Image-caption web data:
>>

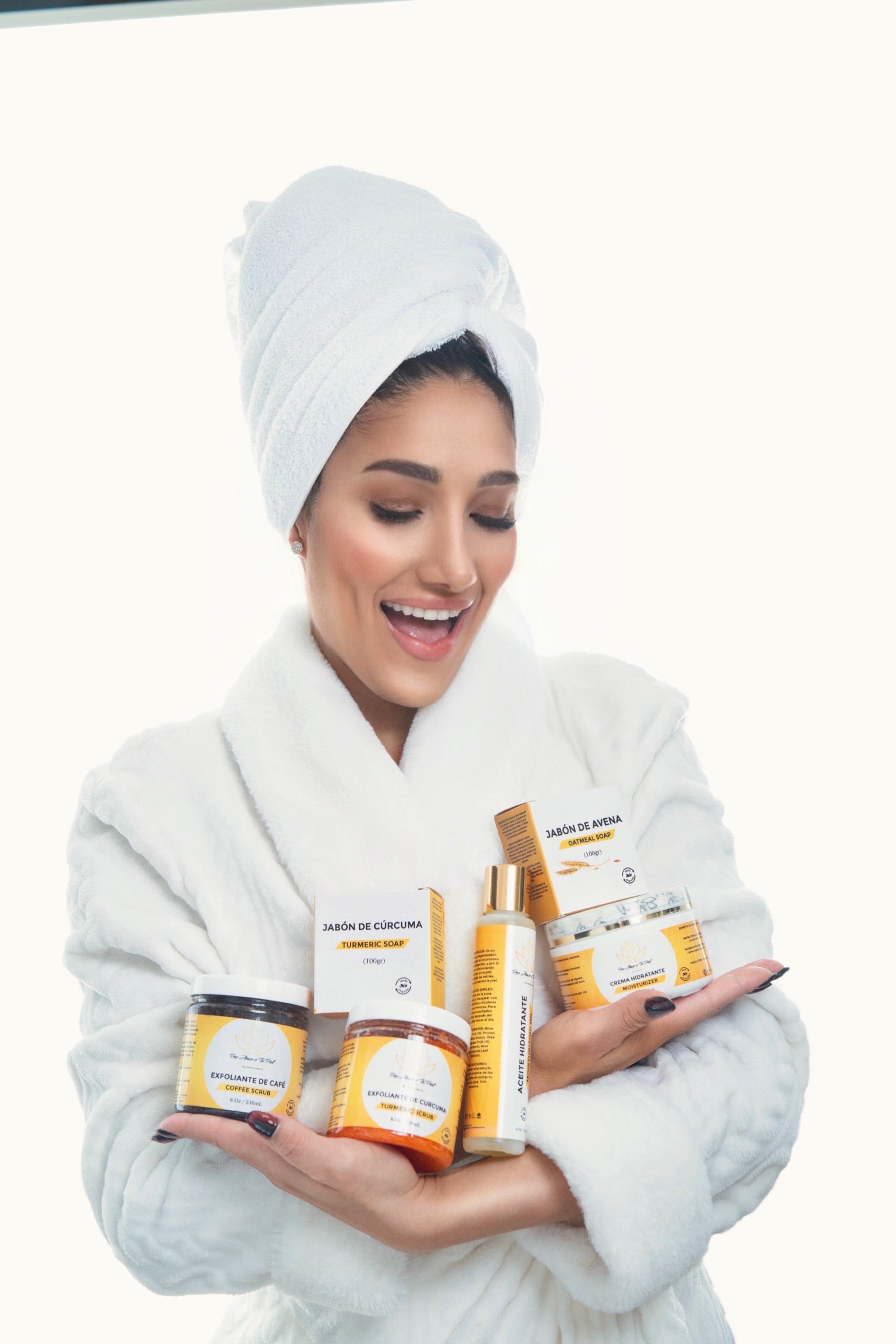 KIT POR AMOR A TU PIEL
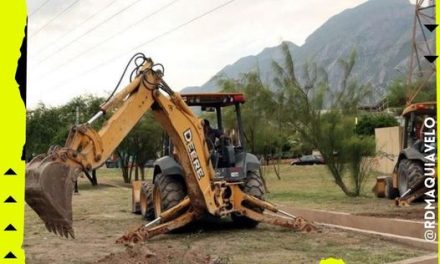 DESTACA SANTA CATARINA POR REHABILITACIÓN DE PARQUE CLOUTHIER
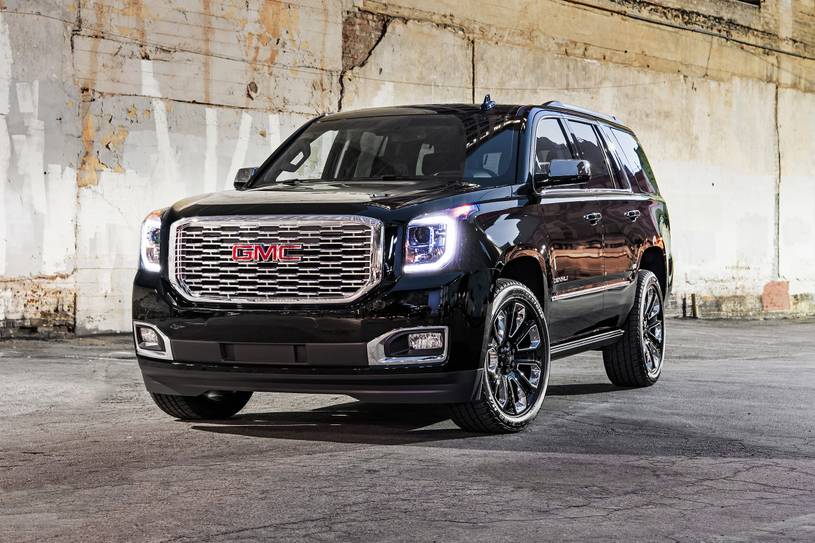 2020 GMC Yukon Pictures - 165 Photos | Edmunds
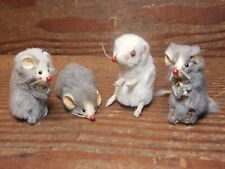 Vintage taxidermy mice for sale  Vancouver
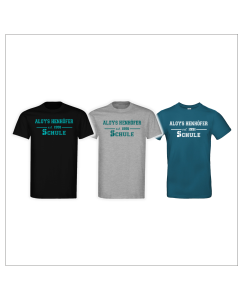 T-Shirt "AHS" College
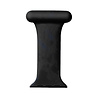 Strap-it Strap-it Correa de enfermera de Apple Watch (negro) Strap-it Strap-it Correa de enfermera de Apple Watch (negro)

<<

• [Task description]
In the copy, keep every line of the data above exactly and drop each picture.

• [The completed task]
 KIT POR AMOR A TU PIEL
 DESTACA SANTA CATARINA POR REHABILITACIÓN DE PARQUE CLOUTHIER
 2020 GMC Yukon Pictures - 165 Photos | Edmunds
 Vintage taxidermy mice for sale  Vancouver
 T-Shirt "AHS" College
 Strap-it Strap-it Correa de enfermera de Apple Watch (negro) Strap-it Strap-it Correa de enfermera de Apple Watch (negro)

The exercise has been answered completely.